Activity:
With the pictures left aside, write out exactly the lines of the listing below from the line with "Soft Polochon Bag" to the line with "VENETIAN PARC WEST - Residential Lease", both included, and only those.

Input material:
───

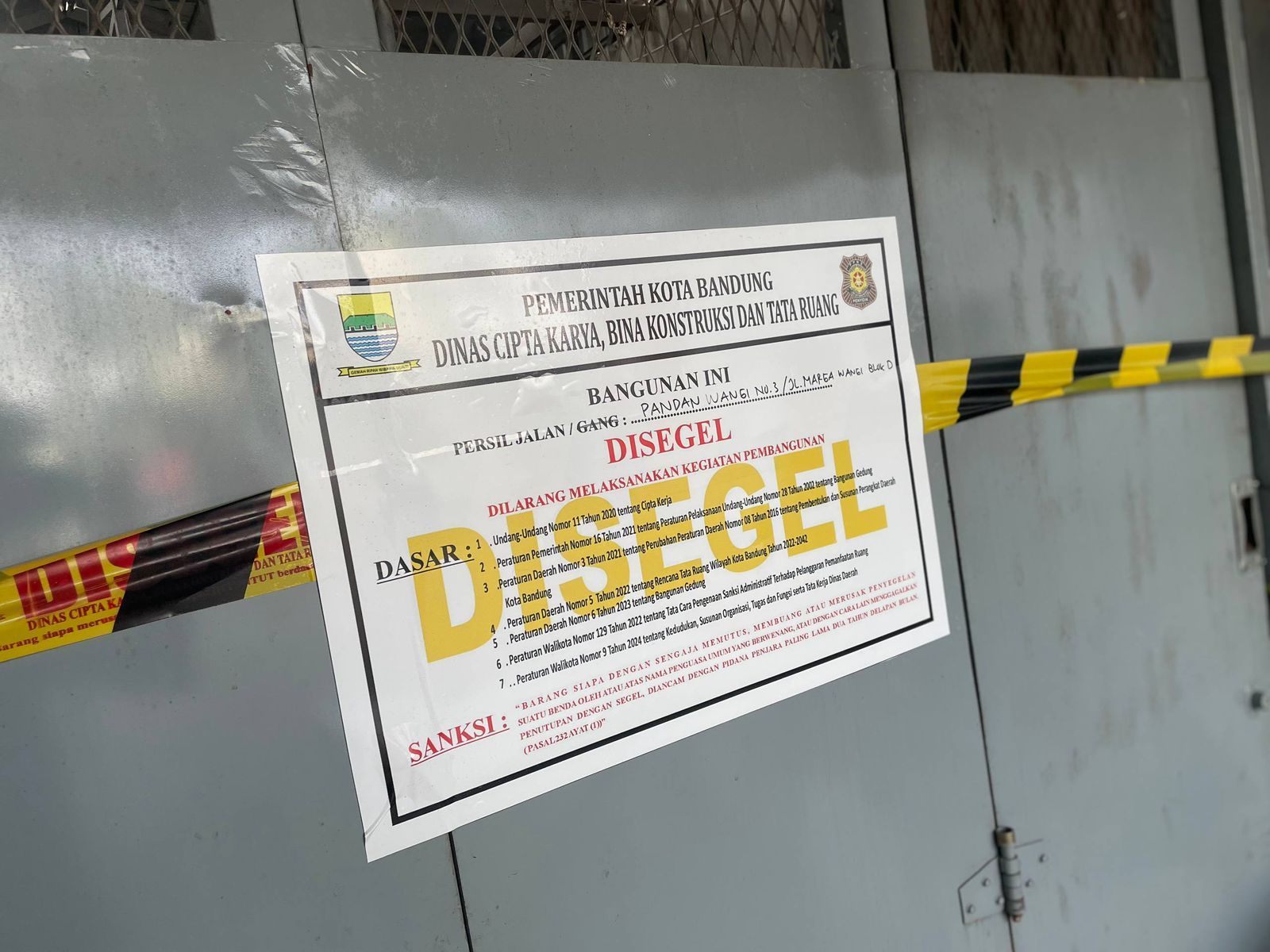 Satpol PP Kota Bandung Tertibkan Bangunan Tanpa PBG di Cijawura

───

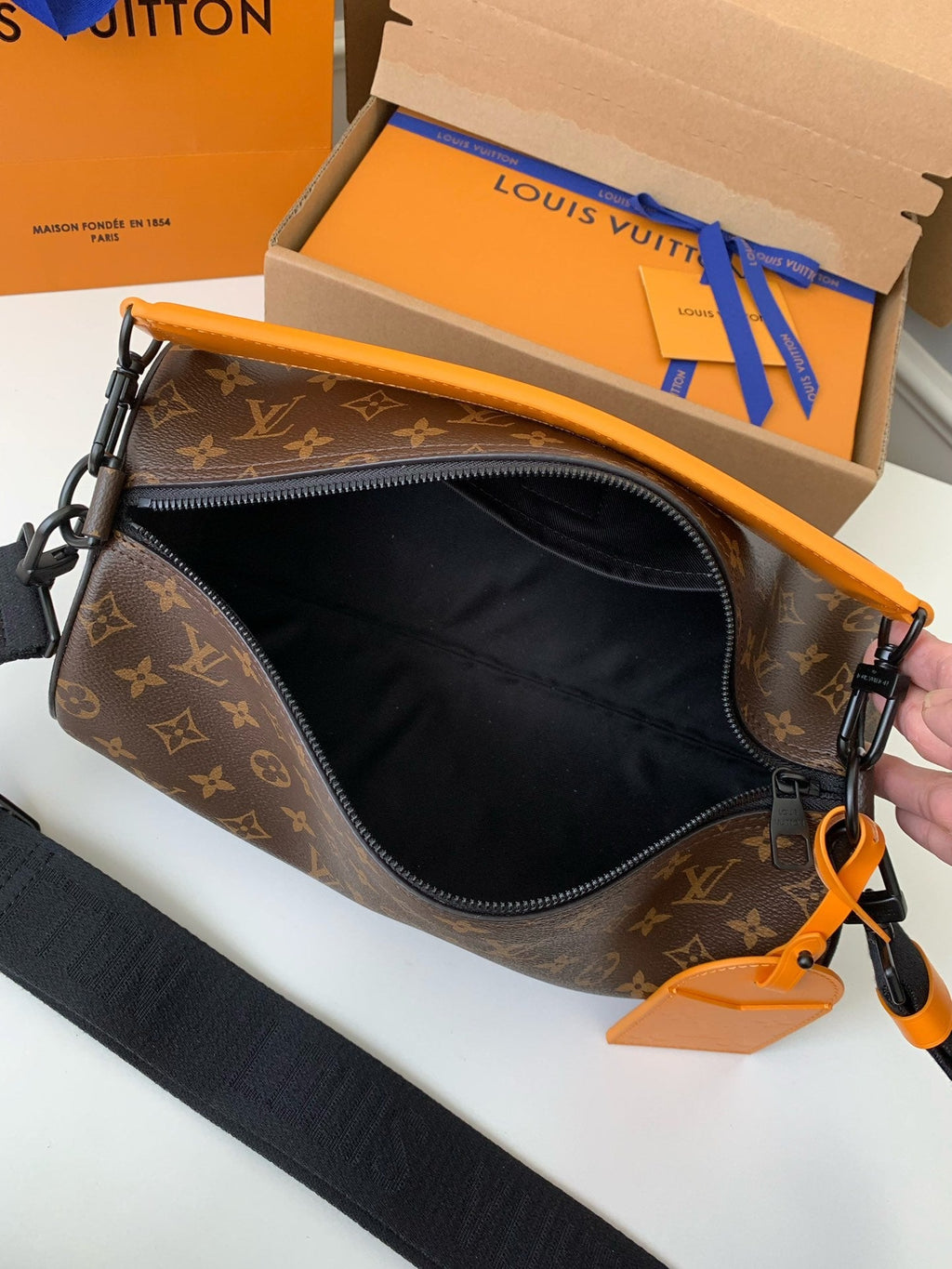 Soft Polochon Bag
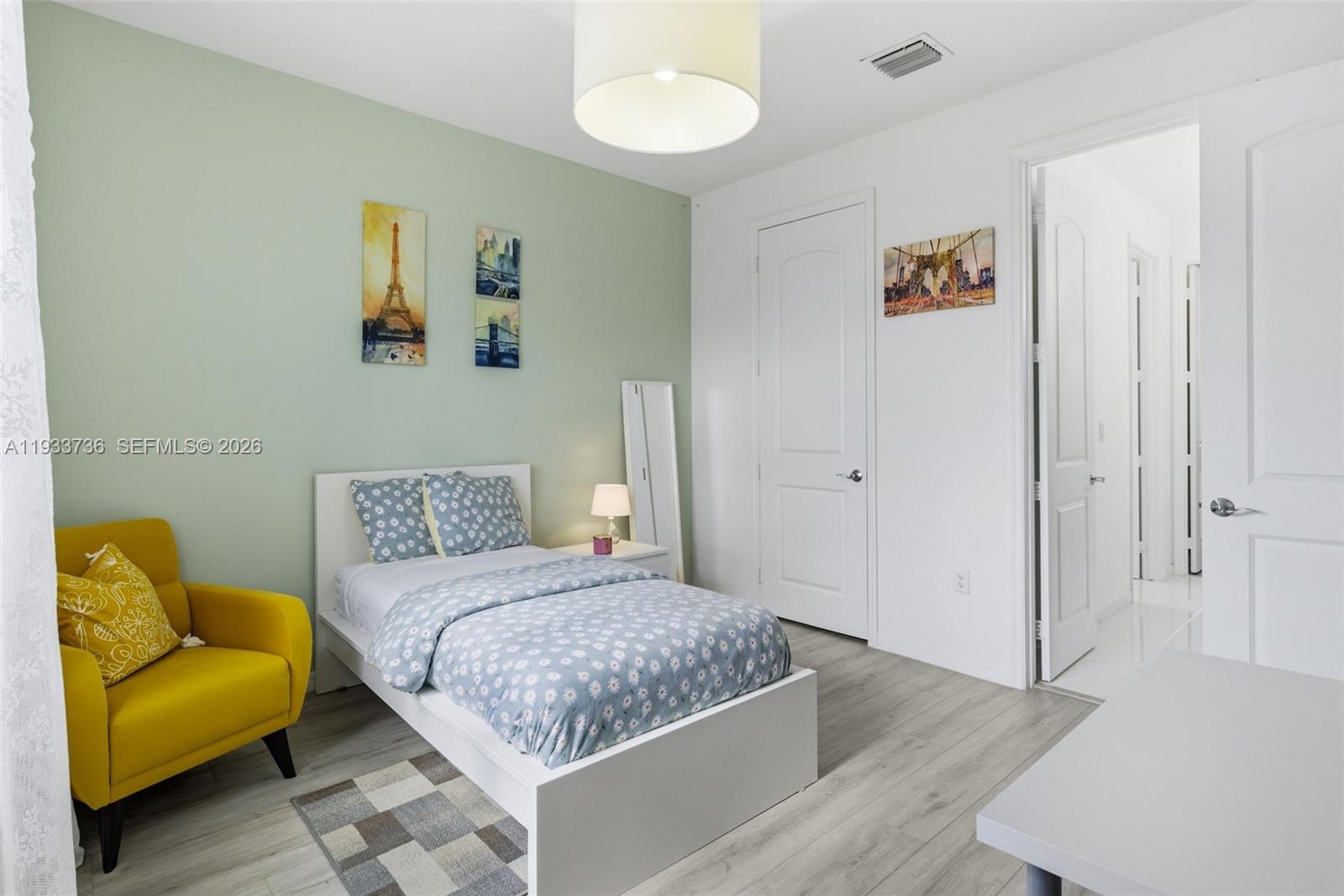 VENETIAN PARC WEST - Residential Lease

───

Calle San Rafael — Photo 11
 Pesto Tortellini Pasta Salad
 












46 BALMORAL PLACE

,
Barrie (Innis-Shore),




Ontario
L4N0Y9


───

Response area:
 Soft Polochon Bag
 VENETIAN PARC WEST - Residential Lease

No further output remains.